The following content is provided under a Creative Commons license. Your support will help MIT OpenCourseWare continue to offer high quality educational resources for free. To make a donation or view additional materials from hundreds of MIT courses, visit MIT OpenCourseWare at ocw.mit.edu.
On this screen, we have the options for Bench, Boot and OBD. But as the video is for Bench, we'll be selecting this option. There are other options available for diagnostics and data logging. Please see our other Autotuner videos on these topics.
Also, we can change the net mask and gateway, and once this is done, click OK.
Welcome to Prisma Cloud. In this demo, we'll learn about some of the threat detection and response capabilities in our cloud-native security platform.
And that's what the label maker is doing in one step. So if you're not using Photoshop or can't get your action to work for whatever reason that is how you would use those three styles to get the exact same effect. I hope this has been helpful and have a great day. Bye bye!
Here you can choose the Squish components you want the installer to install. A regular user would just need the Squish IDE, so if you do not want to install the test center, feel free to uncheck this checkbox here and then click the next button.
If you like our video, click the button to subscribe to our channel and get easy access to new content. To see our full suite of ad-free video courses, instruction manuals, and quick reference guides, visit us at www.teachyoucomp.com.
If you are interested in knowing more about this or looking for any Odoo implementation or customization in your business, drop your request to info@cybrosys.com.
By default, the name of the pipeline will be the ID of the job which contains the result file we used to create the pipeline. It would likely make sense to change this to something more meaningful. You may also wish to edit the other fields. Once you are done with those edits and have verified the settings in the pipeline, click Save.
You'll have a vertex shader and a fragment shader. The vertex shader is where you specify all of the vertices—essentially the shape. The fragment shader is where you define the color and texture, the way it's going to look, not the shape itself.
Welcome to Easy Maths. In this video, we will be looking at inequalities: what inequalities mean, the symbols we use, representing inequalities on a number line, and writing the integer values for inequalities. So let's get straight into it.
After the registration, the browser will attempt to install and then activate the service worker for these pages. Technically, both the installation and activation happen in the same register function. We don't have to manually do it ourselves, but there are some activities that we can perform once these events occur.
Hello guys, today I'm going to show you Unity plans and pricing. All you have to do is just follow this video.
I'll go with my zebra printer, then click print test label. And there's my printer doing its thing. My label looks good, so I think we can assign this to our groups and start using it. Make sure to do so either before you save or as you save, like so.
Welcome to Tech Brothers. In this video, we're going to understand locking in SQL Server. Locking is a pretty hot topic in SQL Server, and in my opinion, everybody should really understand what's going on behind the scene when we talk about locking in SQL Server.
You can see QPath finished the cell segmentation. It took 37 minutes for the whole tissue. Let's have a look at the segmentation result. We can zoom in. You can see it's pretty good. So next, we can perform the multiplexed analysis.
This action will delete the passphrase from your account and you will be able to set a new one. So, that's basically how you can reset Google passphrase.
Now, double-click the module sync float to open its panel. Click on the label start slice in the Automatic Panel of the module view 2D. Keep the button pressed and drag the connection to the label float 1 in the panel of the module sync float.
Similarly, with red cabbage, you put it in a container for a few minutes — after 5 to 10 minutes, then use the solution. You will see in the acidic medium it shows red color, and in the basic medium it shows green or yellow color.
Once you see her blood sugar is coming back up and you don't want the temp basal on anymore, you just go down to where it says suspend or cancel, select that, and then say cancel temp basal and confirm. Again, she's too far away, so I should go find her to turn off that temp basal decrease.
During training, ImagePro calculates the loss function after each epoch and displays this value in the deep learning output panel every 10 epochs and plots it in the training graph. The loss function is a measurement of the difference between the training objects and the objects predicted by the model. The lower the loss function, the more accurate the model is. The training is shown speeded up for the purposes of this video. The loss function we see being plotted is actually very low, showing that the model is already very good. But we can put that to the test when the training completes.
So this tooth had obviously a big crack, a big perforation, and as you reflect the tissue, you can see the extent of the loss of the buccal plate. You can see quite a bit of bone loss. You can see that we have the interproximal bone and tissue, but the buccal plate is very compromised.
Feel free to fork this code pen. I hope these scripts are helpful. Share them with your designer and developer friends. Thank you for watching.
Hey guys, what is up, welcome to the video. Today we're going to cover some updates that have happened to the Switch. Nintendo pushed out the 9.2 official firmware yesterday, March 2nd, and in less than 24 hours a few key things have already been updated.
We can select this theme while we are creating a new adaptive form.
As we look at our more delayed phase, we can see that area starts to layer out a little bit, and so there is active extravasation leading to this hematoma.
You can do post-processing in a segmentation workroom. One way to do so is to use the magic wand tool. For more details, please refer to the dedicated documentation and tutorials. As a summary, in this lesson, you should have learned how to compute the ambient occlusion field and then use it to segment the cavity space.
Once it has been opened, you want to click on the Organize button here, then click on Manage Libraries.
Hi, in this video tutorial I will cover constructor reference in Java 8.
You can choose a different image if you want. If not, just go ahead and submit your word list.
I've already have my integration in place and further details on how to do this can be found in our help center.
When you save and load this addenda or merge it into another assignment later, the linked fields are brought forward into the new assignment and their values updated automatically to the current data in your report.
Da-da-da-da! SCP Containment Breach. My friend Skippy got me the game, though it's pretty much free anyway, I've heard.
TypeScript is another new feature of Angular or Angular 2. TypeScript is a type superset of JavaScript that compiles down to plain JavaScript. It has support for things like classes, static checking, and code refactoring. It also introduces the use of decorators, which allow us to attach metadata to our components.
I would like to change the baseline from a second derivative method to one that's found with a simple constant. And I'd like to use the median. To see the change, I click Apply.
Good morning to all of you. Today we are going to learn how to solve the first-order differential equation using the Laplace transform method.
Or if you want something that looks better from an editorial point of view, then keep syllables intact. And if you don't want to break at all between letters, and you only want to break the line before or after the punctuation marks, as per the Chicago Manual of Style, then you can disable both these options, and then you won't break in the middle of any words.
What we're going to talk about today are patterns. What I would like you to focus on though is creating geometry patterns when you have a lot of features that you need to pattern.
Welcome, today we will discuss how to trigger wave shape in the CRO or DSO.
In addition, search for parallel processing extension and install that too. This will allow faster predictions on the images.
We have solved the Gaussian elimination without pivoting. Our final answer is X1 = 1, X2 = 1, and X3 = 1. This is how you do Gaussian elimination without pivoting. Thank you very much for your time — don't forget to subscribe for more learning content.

◆ ◆ ◆ ◆

Reproduce, exactly and without additions, the run of lines from the start of the listing above to the line bearing "Welcome to Prisma", inclusive.

The following content is provided under a Creative Commons license. Your support will help MIT OpenCourseWare continue to offer high quality educational resources for free. To make a donation or view additional materials from hundreds of MIT courses, visit MIT OpenCourseWare at ocw.mit.edu.
On this screen, we have the options for Bench, Boot and OBD. But as the video is for Bench, we'll be selecting this option. There are other options available for diagnostics and data logging. Please see our other Autotuner videos on these topics.
Also, we can change the net mask and gateway, and once this is done, click OK.
Welcome to Prisma Cloud. In this demo, we'll learn about some of the threat detection and response capabilities in our cloud-native security platform.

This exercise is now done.